During the summer of 1924 he began writing poetry –in which his feel for, and perception of- a sense of place was strongly influenced by the cultural and physical landscapes of  Ulster. In October  1924  Hewitt enrolled in Queen’s to read a BA in English and in 1927 he undertook a teacher training course in Stranmillis College. He graduated from Queens in 1930 and was appointed as an art assistant with the Belfast Museum and Art Gallery. He married Roberta Black in 1934 and inaugurated the Ulster Unit's first exhibit at Locksley Hall. A regular of the Brown Horse Tavern literary circle Hewitt  co-founded a progressive periodical entitled the  Irish Democrat  in 1937. 

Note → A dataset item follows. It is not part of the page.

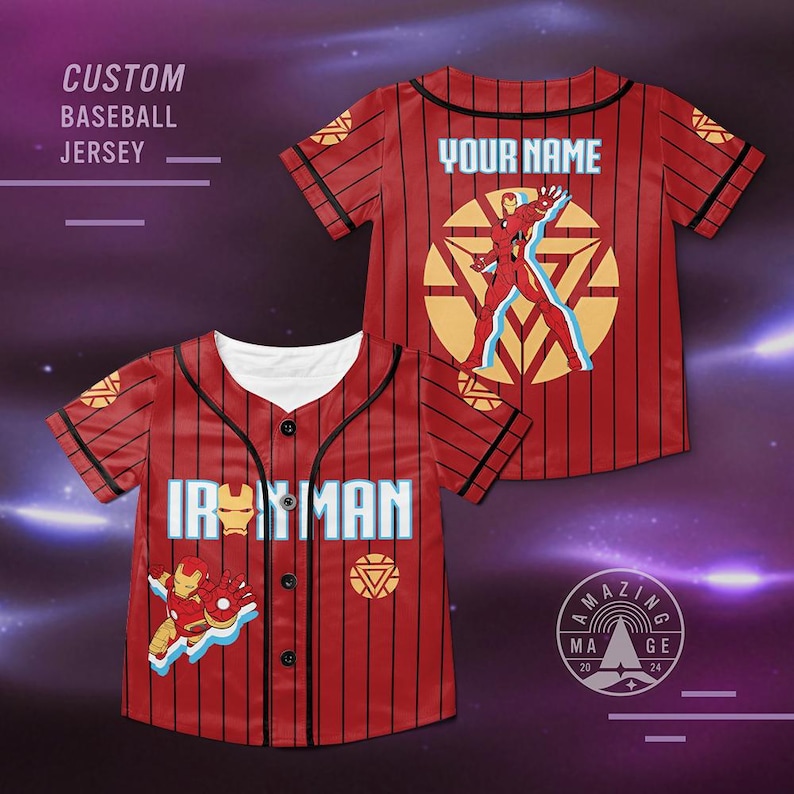 K&ouml;nnte beinhalten: Rotes und schwarzes Baseballtrikot mit einem wei&szlig;en Streifenmuster. Die Vorderseite des Trikots zeigt ein Comicbild von Iron Man im Flug mit dem Text "IRON MAN". Die R&uuml;ckseite des Trikots hat ein rotes und gelbes Iron Man Logo mit dem Text "YOUR NAME".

With the outbreak of the Second World War in 1939,  Hewitt attempted to enlist, but as a local government official he was in a reserved occupation, so he joined the Donegall Pass branch of the civil defence. During the war he lectures on art, literature and Marxism at army camps and bases in Northern Ireland. Hewitt's travels over Ulster during this period influenced the regionalist perspective which would come to mark his political and aesthetic perspectives.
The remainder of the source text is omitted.